UK and International Tax news

Cross Border Group Relief Update

Wednesday 4th February 2015

The CJEU has just released its decision in the case of the European Commission v UK [case C-172/13] in respect of the EC’s challenge to the UK tax rules, as revised following the Marks & Spencer case, allowing cross border group relief and has held that the UK rules were compatible with EU law.

UK’s rules on group relief allow the companies in a group to offset their profits and losses between themselves. However, the rules in force until 2006 did not permit losses sustained by non-resident companies to be taken into account.
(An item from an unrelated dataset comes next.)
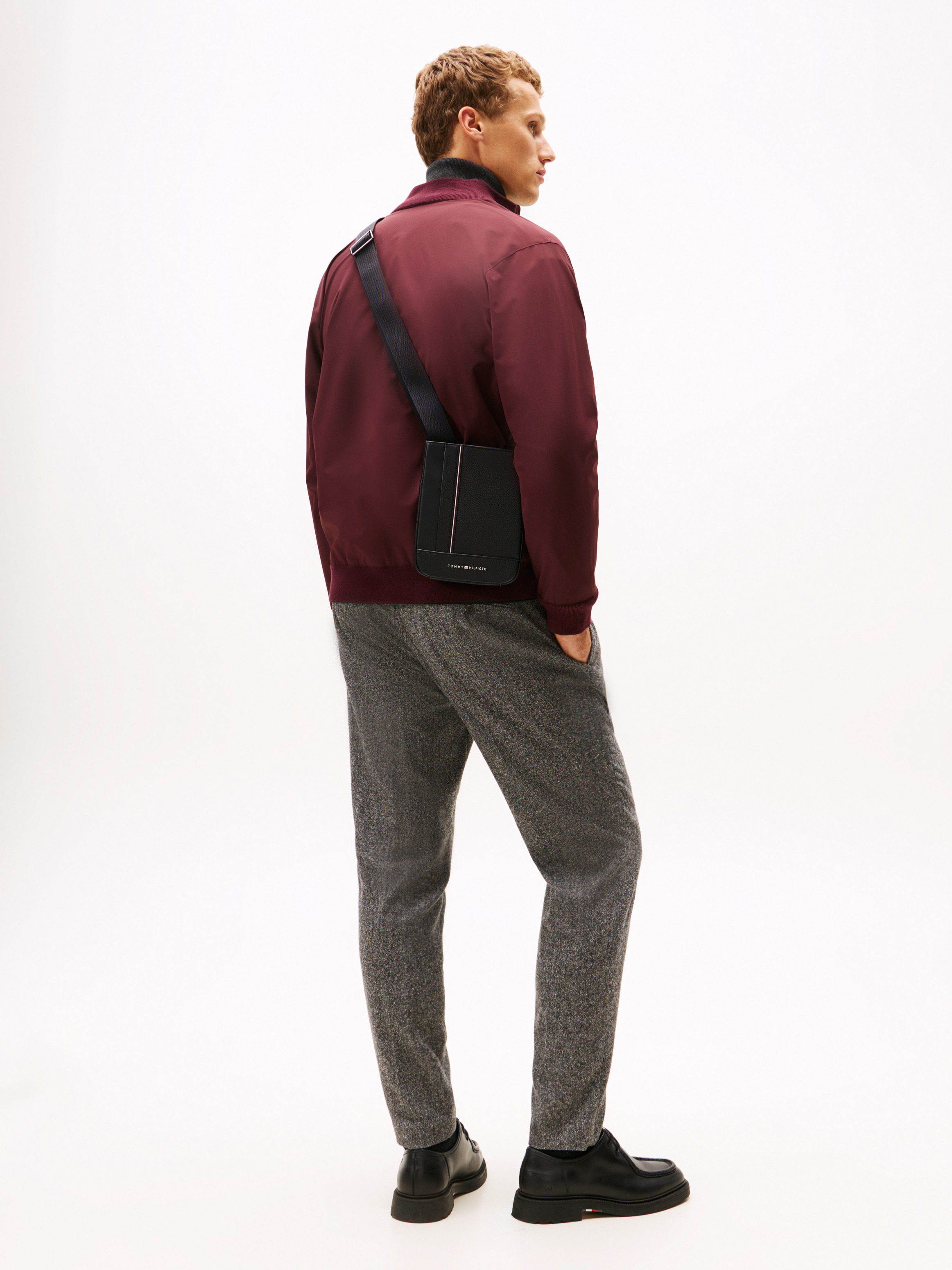 Metal Logo Pebble Grain Crossbody Bag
In 2006, following the judgment of the CJEU in the M&S case, the UK amended its legislation so as to allow cross-border group relief, subject to certain conditions. Under those provisions, now contained in CTA 2010, a non-resident company must have exhausted all possibility of having the losses taken into account in the accounting period in which the losses were incurred or in previous accounting periods, and there must be no possibility of the losses being taken into account in future accounting periods. Determination as to whether losses may be taken into account in future accounting periods must be made ‘as at the time immediately after the end’ of the accounting period in which the losses were sustained.

The EC argued that the CTA 2010 rules make it virtually impossible for a resident parent company to obtain cross-border group relief, since in practice it allows the resident parent company to take such losses into account in only two situations:

(i) where the legislation of the member state of residence of the subsidiary concerned makes no provision for losses to be carried forward, and

(ii) where the subsidiary is put into liquidation before the end of the accounting period in which the loss was sustained.
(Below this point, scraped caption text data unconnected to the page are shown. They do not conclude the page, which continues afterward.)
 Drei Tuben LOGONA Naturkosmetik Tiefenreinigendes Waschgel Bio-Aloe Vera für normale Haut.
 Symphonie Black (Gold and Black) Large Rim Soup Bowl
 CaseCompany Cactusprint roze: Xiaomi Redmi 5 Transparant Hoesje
The EC also argued that losses sustained before 1 April 2006 were excluded from cross-border group relief, in as much as the CTA 2010 provisions concerning that relief apply only to losses sustained after 1 April 2006, the date on which the new legislation entered into force.
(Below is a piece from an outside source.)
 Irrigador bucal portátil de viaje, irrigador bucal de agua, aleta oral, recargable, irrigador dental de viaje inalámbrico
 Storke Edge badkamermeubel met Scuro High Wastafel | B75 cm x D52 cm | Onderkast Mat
The EC considered the UK’s ‘no possibilities test’ infringed the principle of freedom of establishment, and brought an action before the CJEU.

Re (i) above, the CJEU found that this was irrelevant. In a situation where the legislation of the member state, where the subsidiary is based, precluded all possibility of losses being carried forward, the member state in which the parent company is resident may refuse cross-border group relief without thereby infringing freedom of establishment.

Re (ii), the Court found that the EC had not established the truth of its assertion that the CTA 2010 required the non-resident subsidiary to be put into liquidation before the end of the accounting period in which the losses were sustained in order for its resident parent company to be able to obtain cross-border group relief. CTA 2010 did not impose a requirement for the subsidiary concerned to be wound up before the end of the accounting period in which the losses were sustained.

The Court observed that losses sustained by a non-resident subsidiary may be characterised as ‘definitive’, as described in the M&S judgment, only if that subsidiary no longer has any income in its member state of residence. So long as that subsidiary continues to be in receipt of even minimal income, there is a possibility that the losses sustained may be offset by future profits made in the Member State in which it is resident.

In the case of a resident parent company which obtained cross-border group relief, the UK confirmed that it is possible to show that losses sustained by a non-resident subsidiary may be characterised as definitive where, immediately after the end of the accounting period in which the losses were sustained, that subsidiary ceased trading and sold or disposed of all its income-producing assets.

For a company to obtain cross-border group relief in respect of a period before 1 April 2006, the Court found that the EC had not established the existence of situations in which cross-border group relief for losses sustained before that date was not granted.